George Bernard Shaw wrote in the preface to Pygmalion that it's impossible for an Englishman to open his mouth 'without making some other Englishman hate or despise him.' Leslie Geddes-Brown wonders if it's still true.
It is now 60 years since Nancy Mitford and others published Noblesse Oblige: An Enquiry into the Identifiable Characteristics of the English Aristocracy. This was a series of essays about upper-class English (and its opposite), known better to all of us as U and Non-U (U being upper class).
The whole thing started with an essay by Alan S. C. Ross, Professor of Linguistics at Birmingham University, in an obscure Finnish linguistic publication. At the time, he stated that: ‘It is solely by their language that the upper classes nowadays are distinguished, since they are neither cleaner, richer nor better-educated than anyone else.’
How Mitford and her co-writers, Evelyn Waugh, John Betjeman (who contributed his already published poem How to Get on in Society), Christopher Sykes and ‘Strix’ (pseudonym of Peter Fleming, brother of Ian), came across the original is anyone’s guess. And I don’t think that Prof Ross actually listed all of the words unacceptable to the upper classes.
I suspect – I would like to suspect – that Mitford made a whole lot up in the spirit of pure mischief. That would make the whole episode even more fun.

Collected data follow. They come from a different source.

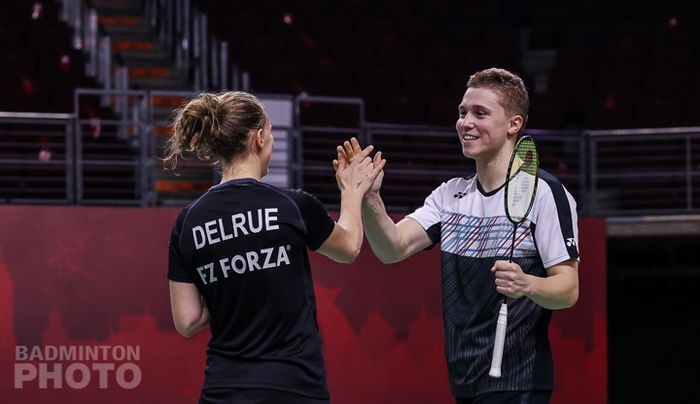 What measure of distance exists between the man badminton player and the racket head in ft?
0.18

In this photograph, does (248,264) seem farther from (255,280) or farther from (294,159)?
(294,159)

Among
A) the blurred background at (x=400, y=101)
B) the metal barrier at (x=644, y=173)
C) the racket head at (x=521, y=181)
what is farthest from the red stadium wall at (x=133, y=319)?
the racket head at (x=521, y=181)

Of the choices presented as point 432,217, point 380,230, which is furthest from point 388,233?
point 432,217

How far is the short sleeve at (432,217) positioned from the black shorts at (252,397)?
0.92 metres

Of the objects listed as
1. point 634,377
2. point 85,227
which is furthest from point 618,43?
point 85,227

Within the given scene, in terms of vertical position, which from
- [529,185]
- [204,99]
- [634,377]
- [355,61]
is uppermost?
[355,61]

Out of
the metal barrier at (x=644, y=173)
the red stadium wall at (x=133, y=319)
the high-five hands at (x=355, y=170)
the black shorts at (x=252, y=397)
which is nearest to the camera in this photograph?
the black shorts at (x=252, y=397)

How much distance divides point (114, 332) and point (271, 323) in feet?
13.5

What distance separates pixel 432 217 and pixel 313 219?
2.48ft

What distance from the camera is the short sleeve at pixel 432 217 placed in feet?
12.1

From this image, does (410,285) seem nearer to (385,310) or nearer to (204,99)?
(385,310)

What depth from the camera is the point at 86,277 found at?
686 cm

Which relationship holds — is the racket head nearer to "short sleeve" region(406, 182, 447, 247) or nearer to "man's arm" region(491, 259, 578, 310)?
"man's arm" region(491, 259, 578, 310)

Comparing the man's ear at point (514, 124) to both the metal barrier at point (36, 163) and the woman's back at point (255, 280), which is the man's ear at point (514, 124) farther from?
the metal barrier at point (36, 163)
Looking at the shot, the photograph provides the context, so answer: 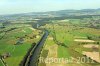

No one, it seems, had any idea of the furore Noblesse Oblige would cause. One of the words blacklisted was ‘mirror’. No one who had any pretensions to be aristocratic would let such a description through their lips; aristos used ‘looking glass’.
Consternation chez moi. My mother immediately decreed that we had always called them looking glasses (we hadn’t) and that we should make sure we went on doing so.
Hew’s mother did the same, adding that, of course, the looking glass hung above the chimneypiece, not the mantlepiece, a word cast into outer darkness. What’s wrong with mantlepiece? I’m glad to see it’s made a full recovery.
Some other U and Non-U words are still fighting it out. I always says wireless (correct) rather than radio (proley), but not because I’m a duchess. I just always have.
I do still think that napkin is preferable to serviette and sofa to settee, which is pure snobbery, but can’t see what is wrong with glasses as opposed to spectacles.
A sort of counter culture existed at the time. I remember being admonished for saying ‘What?’ rather than ‘Pardon?’ and Hew had a part-time nanny who told him off for saying he had ‘had enough’ pudding. ‘You should say you’ve had an ample sufficiency,’ she declared.
It was a difficult tightrope to walk. In her novel The Pursuit of Love, Mitford has the irascible Uncle Matthew (the fictional counterpart of her father, Lord Redesdale) yelling – his constant mode of speech – that Fanny used the description ‘notepaper’ when she meant ‘writing paper’.
Did you know that saying notepaper put you irremediably among the plebs? And how about cycle, which isn’t okay either? Use bike, if you please.
Could it only be in England that we have these class tortures? I don’t suppose for a moment the Scots, Welsh and Irish anguish about whether scent is more correct than perfume. And although the French seem to have a bugbear about words derived from English, such as blue jeans, they don’t get upset when their aristos employ a different language.
U distinctions largely died out, I think, with the advent of media types, such as cockney actors and photographers in the 1960s, who had accents. Instead of pretending to be dukes, we were more concerned to be born with a fruity cockney accent like Michael Caine, David Bailey or Twiggy. The accent of this century is, so far, either Estuary English or Mockney and, unsurprisingly, I don’t think we much care today whether someone is nobly born or an Hon.
However, although the abandonment of silly class distinctions can’t be wrong, you can bet some other way of distinguishing the posh from others lurks in our psyches.
I would just like to think we won’t be trying to ape celebrities through this decade. A sort of C and Non-C.